- Interactive map of Palanswa
- Country: India
- State: Gujarat
- District: Kutch
- Named for: Palas is the Butea monosperma, Van means Forest. "Forest of Palas trees" which existed prior to the settlement

Government
- • Social President (Nagar sheth): Shri Himmatbhai Nagarlal Kothari
- Elevation: 30 m (98 ft)

Population
- • Total: 10,000
- Time zone: UTC+5:30 (IST)
- Postal Code: 370157
- STD: 02806
- Website: gujaratindia.com

= Palanswa =

Palanswa or Palansva is a village of Vaghela Royal kingdom in Gujarat, India.Its one and only Vaghela Jagir(Kingdom) in kutch others are of Jadeja's Jagir(Kingdom). The Palasva's Fort have permission of Jail. Palasva also known as King Meghrajsinh Vaghela's place and palace. It lies in the Kutch district in the Taluka of Raapar. The village is located on Indian National Highway No 8A.

==History==
Palanswa is an old village.

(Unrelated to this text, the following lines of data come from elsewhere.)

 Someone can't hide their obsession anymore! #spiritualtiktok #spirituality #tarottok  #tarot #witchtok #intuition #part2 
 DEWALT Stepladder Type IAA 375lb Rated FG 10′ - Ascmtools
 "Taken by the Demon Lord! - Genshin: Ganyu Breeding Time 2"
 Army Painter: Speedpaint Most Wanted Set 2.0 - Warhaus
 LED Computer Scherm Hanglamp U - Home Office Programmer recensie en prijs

There is a large lake at the beginning of the town near the bus station. The entire town is on small hill and one main road (Market) leads to the market, with many streets on both the side of main market, called vaas.

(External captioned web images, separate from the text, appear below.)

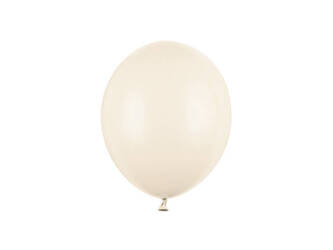 Balony lateksowe 23cm, Pastel Light Nude - 100 sztuk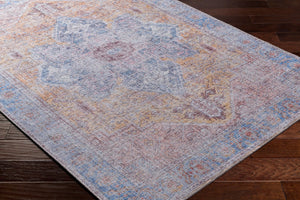 Livabliss Atlanta Flatweave Runner Rug Turkish Pattern Chenille Cotton Blend for Hallways ANL2302-2712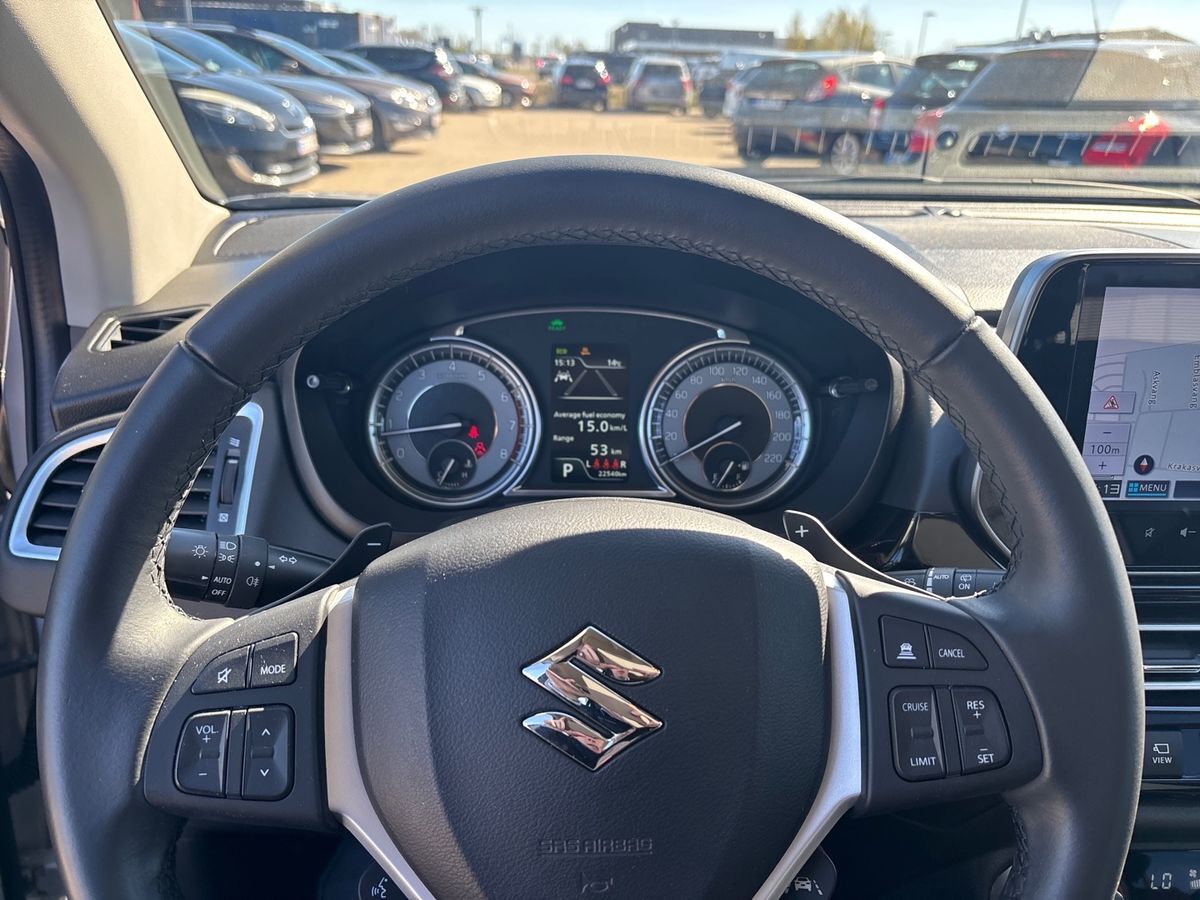 Billede af Suzuki S-Cross 1,5 Hybrid Adventure Hybrid AGS 102HK 5d 6g Aut.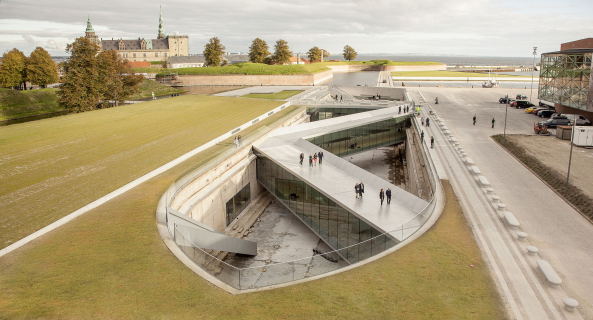European Award: Danish Maritime Museum in Hesingor, D�nemark von BIG
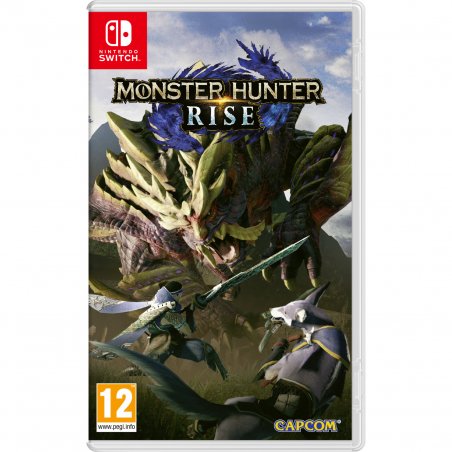 Nintendo MONSTER HUNTER RISE Standard Switch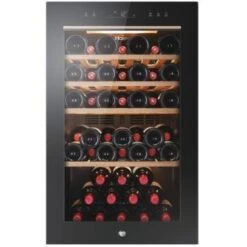 Haier Wine Bank 50 Serie 5 HWS49GA Cantinetta Vino Con Compressore Libera Installazione Nero 49 Bottiglia/bottiglie -Fornello Italia 91986320 3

Situated in the middle of the main market is the Hindu temple shree pingalshyam ji temple (Brahmin),Jain temple Derasar and the Upashray. The main idol of the god Shri Shantinath Dada is located here. The temple was first time founded by SHETH SHRI KOTHARI RAJA VALJI. This temple was destroyed in an earthquake in 2001. A new temple was made in 2009 by Shri Visa Shrimali Shwetambar Murtipujak Tapagachchh Jain Sangh.

There are chakreshwari devi temple in the village which is family deity of Kothari Raja Valji family.
(કોઠારી રાજા વાલજી પરિવાર કુળદેવી નુ મંદિર)

==People==

The community consists mainly of: Royal Rajput, Jain Baniya, Prajapati.
Sanchihar ( sachora ) Brahmin

Kothari, Mehta and Doshi are the major surnames in the Jain community of Planswa. This is a business class community and most of the people are settled outside.

Gujarati is a main language.

==Educational Facilities==

There are two primary school and one government High School for Gujarati Medium.

==Transportation Facilities==

Daily Bus services are available to important stations of the state, as well as to some local stations of the district.

The nearest Main Railway station is Samakhiyali which is 50 km away. Samakhiyali is well connected with the other railway stations of the country.

The nearest airports are Galpadar and Bhuj which are approx 120 km away from Palansva.

==Wildlife==
In 2005, two large colonies of spoonbills were discovered near Palanswa and Deshalpar by students of Manjal Government High School.